**TASK DIRECTIONS**
Output exactly, in the material below, the lines from the one with "COPRA FEA is" through the one with "Hi everybody, welcome". Omit all pictures.

**DATASET**

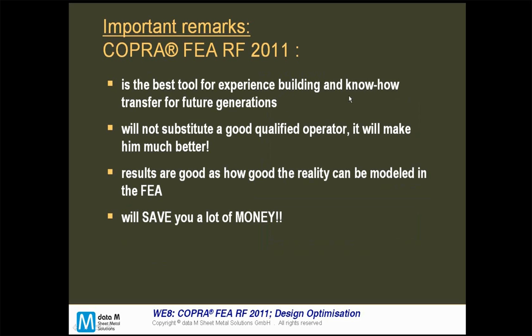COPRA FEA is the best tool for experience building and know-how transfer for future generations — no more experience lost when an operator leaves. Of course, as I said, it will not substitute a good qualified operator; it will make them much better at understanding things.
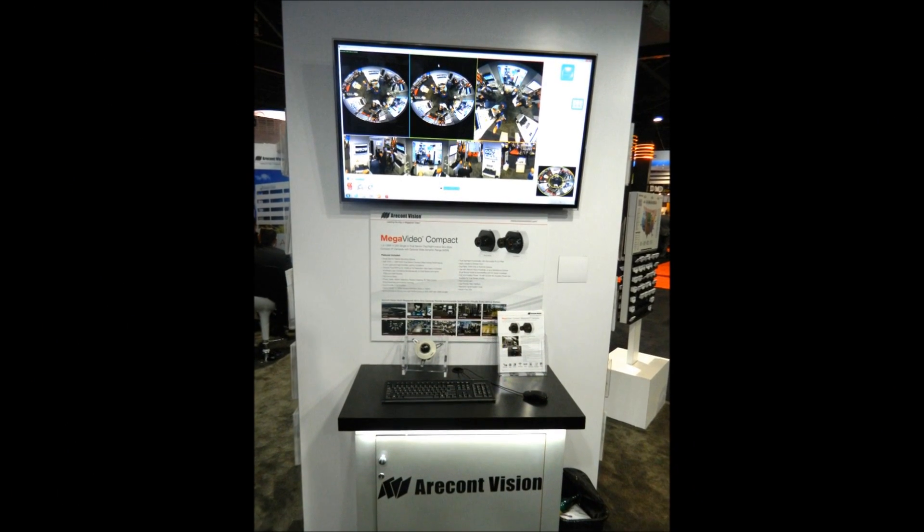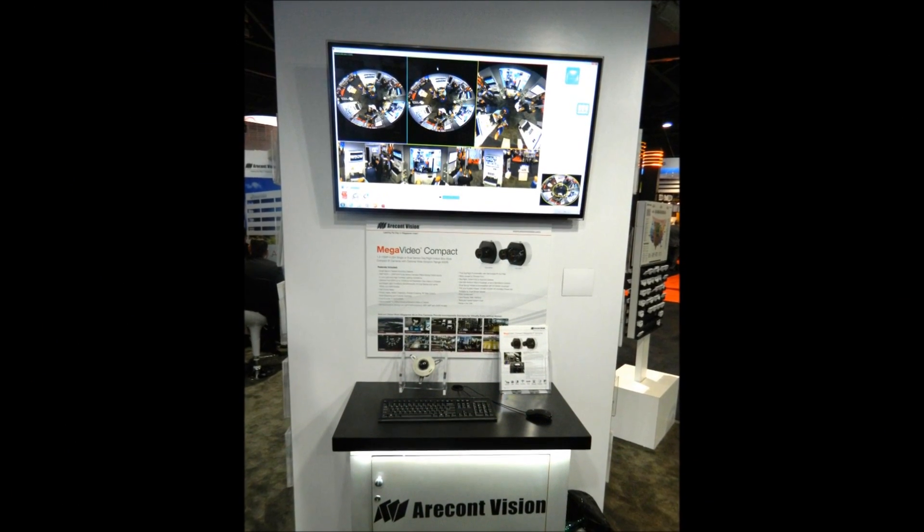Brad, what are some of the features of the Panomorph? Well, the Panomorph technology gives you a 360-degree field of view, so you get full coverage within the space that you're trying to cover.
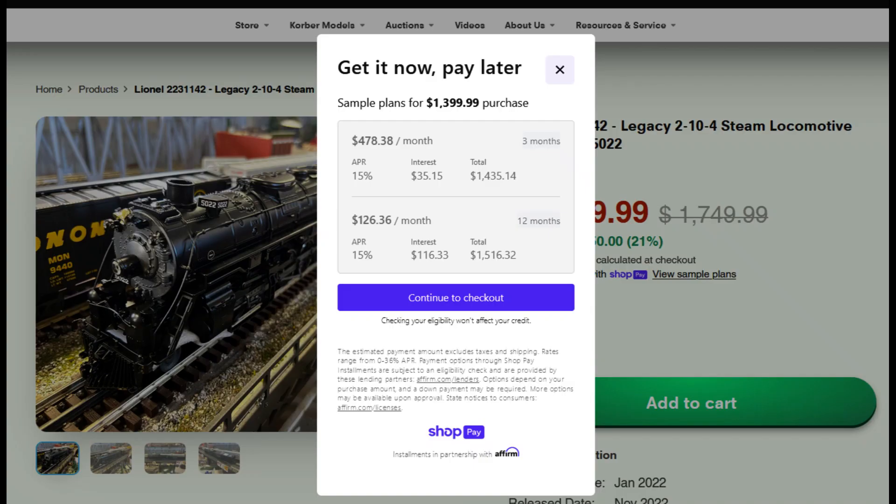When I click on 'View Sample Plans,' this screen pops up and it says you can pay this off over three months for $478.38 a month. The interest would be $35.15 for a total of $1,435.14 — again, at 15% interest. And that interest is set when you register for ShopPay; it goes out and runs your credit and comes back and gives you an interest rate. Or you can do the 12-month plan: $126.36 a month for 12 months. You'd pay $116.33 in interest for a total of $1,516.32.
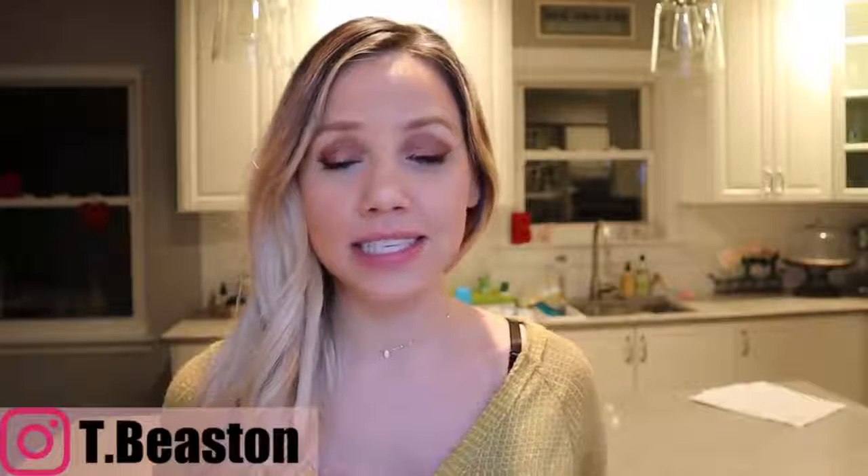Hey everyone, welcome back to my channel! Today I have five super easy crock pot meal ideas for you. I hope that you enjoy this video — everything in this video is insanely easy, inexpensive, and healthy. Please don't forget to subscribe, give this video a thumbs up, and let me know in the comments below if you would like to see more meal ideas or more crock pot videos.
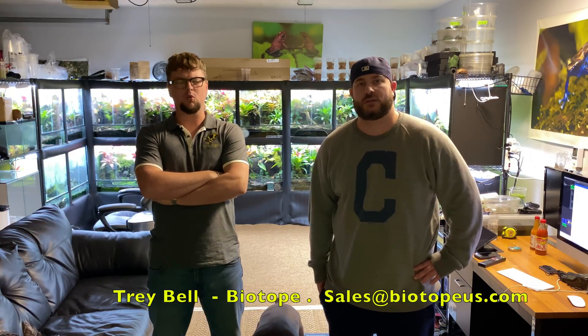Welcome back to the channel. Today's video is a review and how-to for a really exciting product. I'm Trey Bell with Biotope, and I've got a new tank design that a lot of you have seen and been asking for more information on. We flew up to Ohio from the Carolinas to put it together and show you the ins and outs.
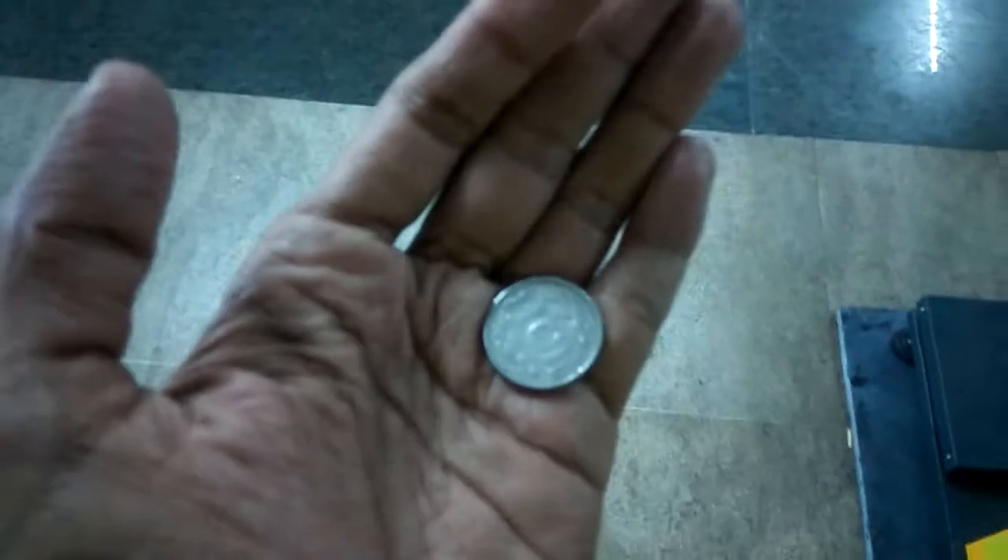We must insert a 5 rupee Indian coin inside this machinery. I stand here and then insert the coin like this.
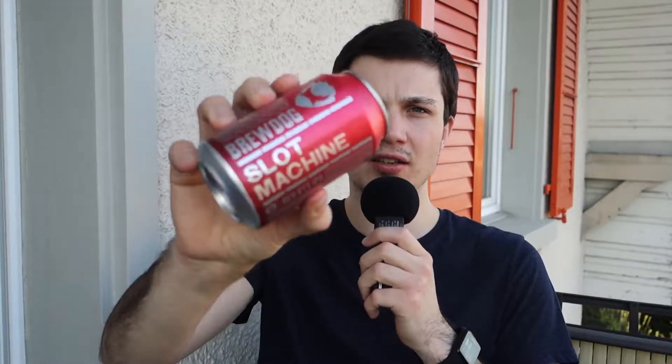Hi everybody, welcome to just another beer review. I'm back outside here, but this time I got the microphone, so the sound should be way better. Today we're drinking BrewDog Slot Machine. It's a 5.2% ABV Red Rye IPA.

---

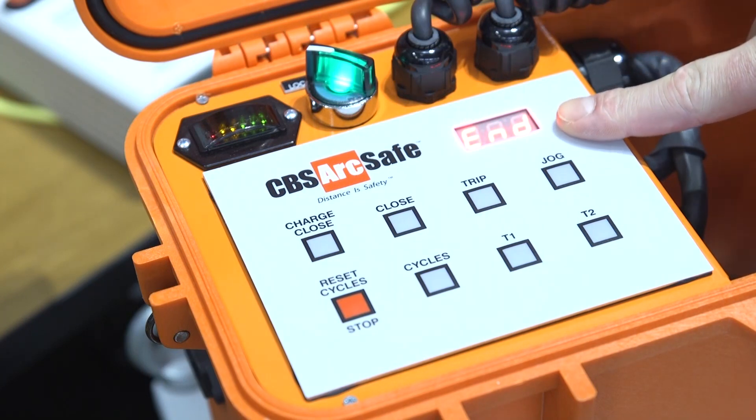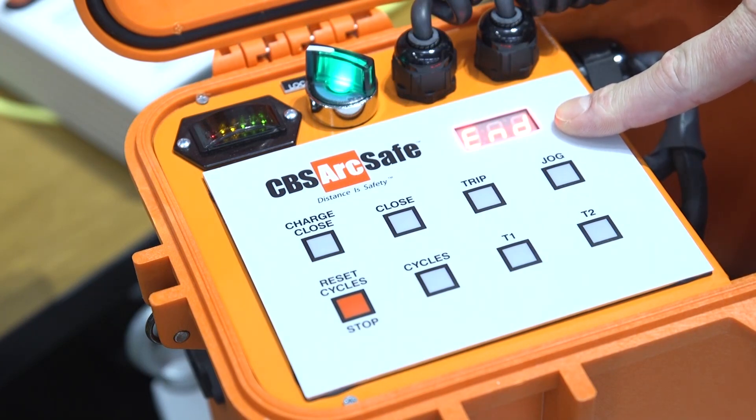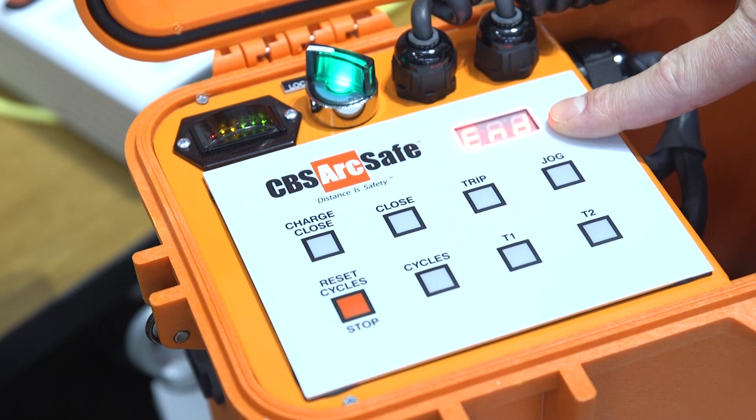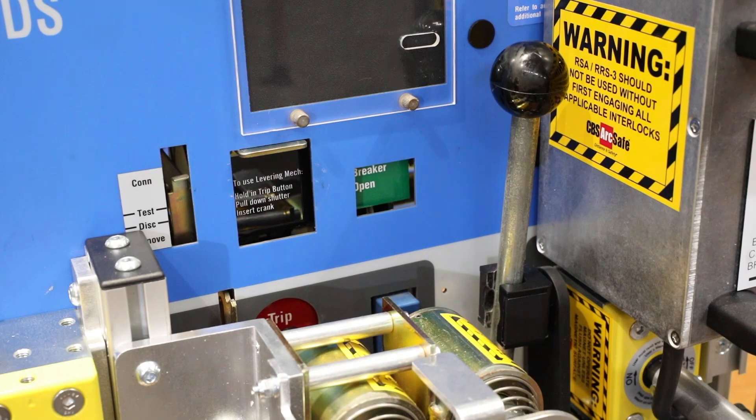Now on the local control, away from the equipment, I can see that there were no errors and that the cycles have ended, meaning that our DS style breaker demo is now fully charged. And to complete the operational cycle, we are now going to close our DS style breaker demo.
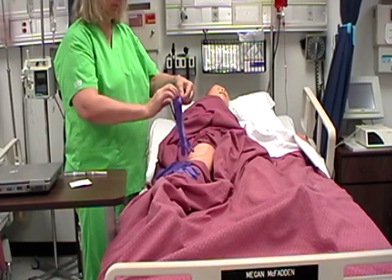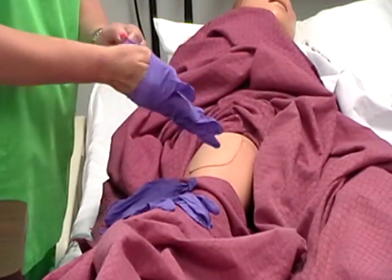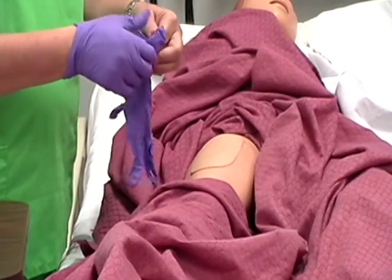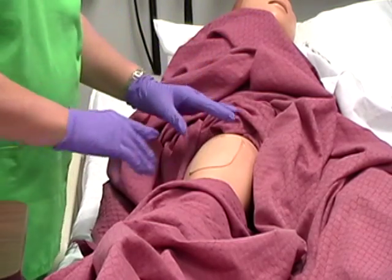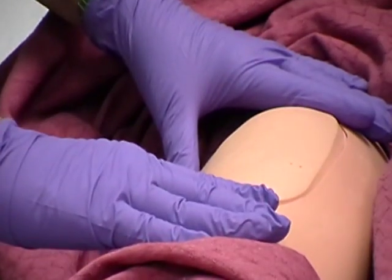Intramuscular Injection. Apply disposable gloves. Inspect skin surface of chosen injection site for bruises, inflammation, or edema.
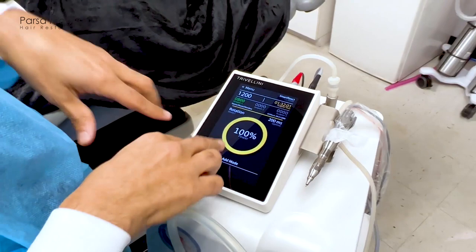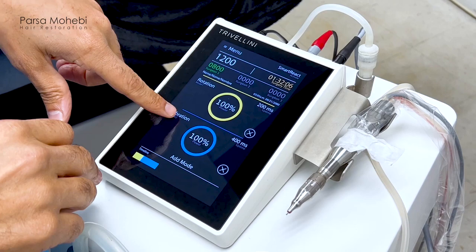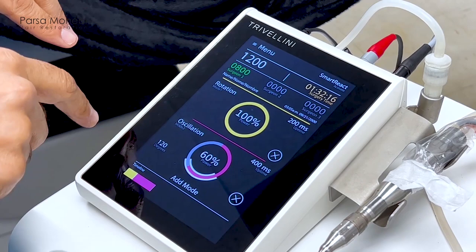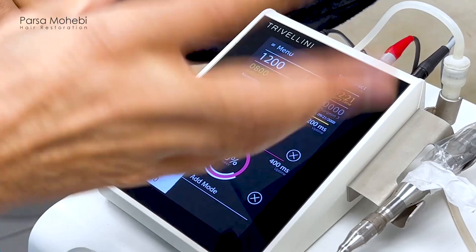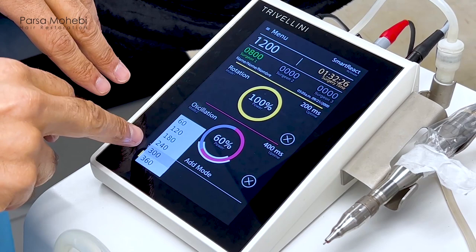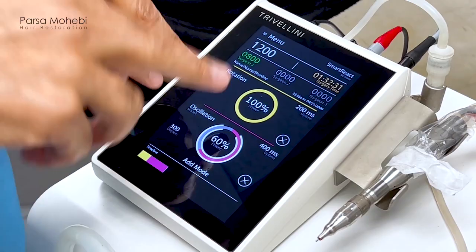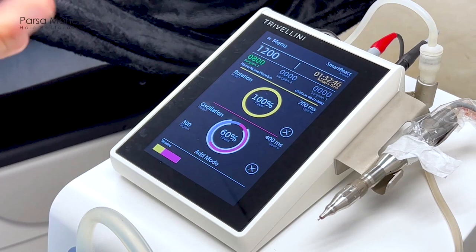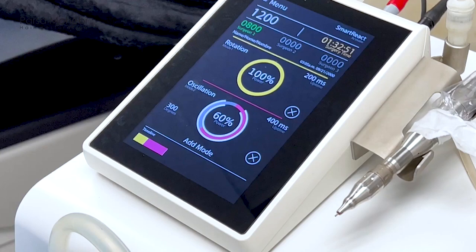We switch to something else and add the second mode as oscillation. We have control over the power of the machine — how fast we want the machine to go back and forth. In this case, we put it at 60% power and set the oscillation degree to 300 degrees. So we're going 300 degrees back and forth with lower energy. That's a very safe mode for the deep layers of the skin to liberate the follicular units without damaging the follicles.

...

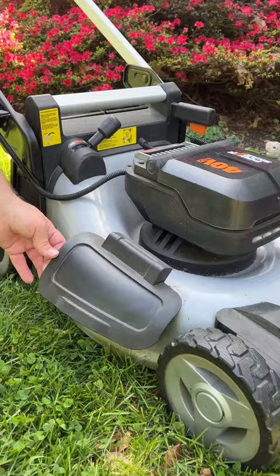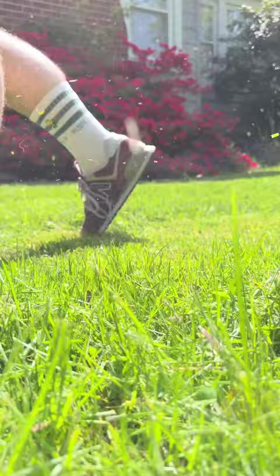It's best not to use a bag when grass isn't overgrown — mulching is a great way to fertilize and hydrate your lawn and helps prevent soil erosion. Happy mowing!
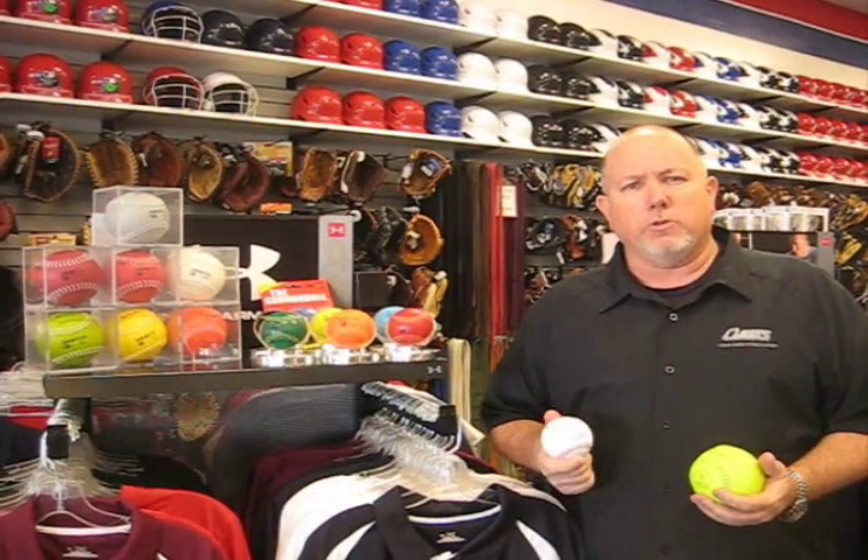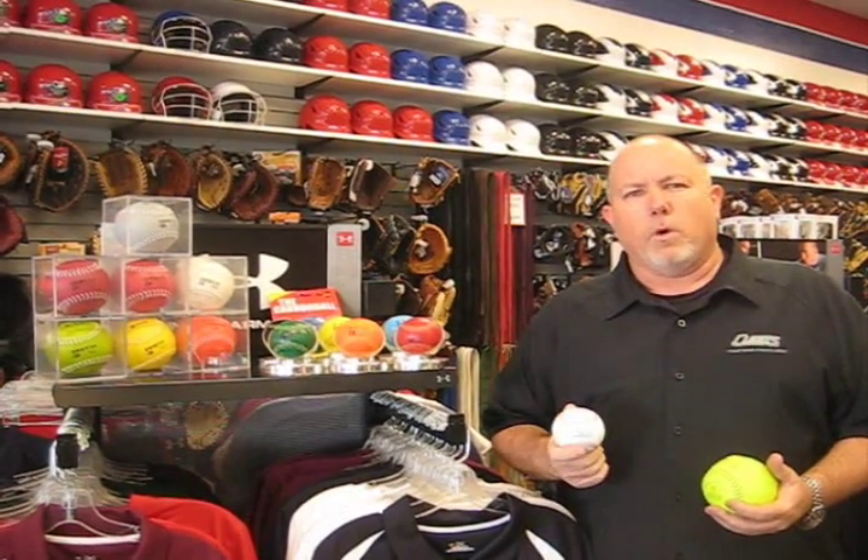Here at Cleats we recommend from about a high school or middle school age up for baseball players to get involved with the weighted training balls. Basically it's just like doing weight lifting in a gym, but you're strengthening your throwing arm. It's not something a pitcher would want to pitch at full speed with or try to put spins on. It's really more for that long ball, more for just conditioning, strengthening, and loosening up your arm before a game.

**RESPONSE FOR THIS EXERCISE**
COPRA FEA is the best tool for experience building and know-how transfer for future generations — no more experience lost when an operator leaves. Of course, as I said, it will not substitute a good qualified operator; it will make them much better at understanding things.
Brad, what are some of the features of the Panomorph? Well, the Panomorph technology gives you a 360-degree field of view, so you get full coverage within the space that you're trying to cover.
When I click on 'View Sample Plans,' this screen pops up and it says you can pay this off over three months for $478.38 a month. The interest would be $35.15 for a total of $1,435.14 — again, at 15% interest. And that interest is set when you register for ShopPay; it goes out and runs your credit and comes back and gives you an interest rate. Or you can do the 12-month plan: $126.36 a month for 12 months. You'd pay $116.33 in interest for a total of $1,516.32.
Hey everyone, welcome back to my channel! Today I have five super easy crock pot meal ideas for you. I hope that you enjoy this video — everything in this video is insanely easy, inexpensive, and healthy. Please don't forget to subscribe, give this video a thumbs up, and let me know in the comments below if you would like to see more meal ideas or more crock pot videos.
Welcome back to the channel. Today's video is a review and how-to for a really exciting product. I'm Trey Bell with Biotope, and I've got a new tank design that a lot of you have seen and been asking for more information on. We flew up to Ohio from the Carolinas to put it together and show you the ins and outs.
We must insert a 5 rupee Indian coin inside this machinery. I stand here and then insert the coin like this.
Hi everybody, welcome to just another beer review. I'm back outside here, but this time I got the microphone, so the sound should be way better. Today we're drinking BrewDog Slot Machine. It's a 5.2% ABV Red Rye IPA.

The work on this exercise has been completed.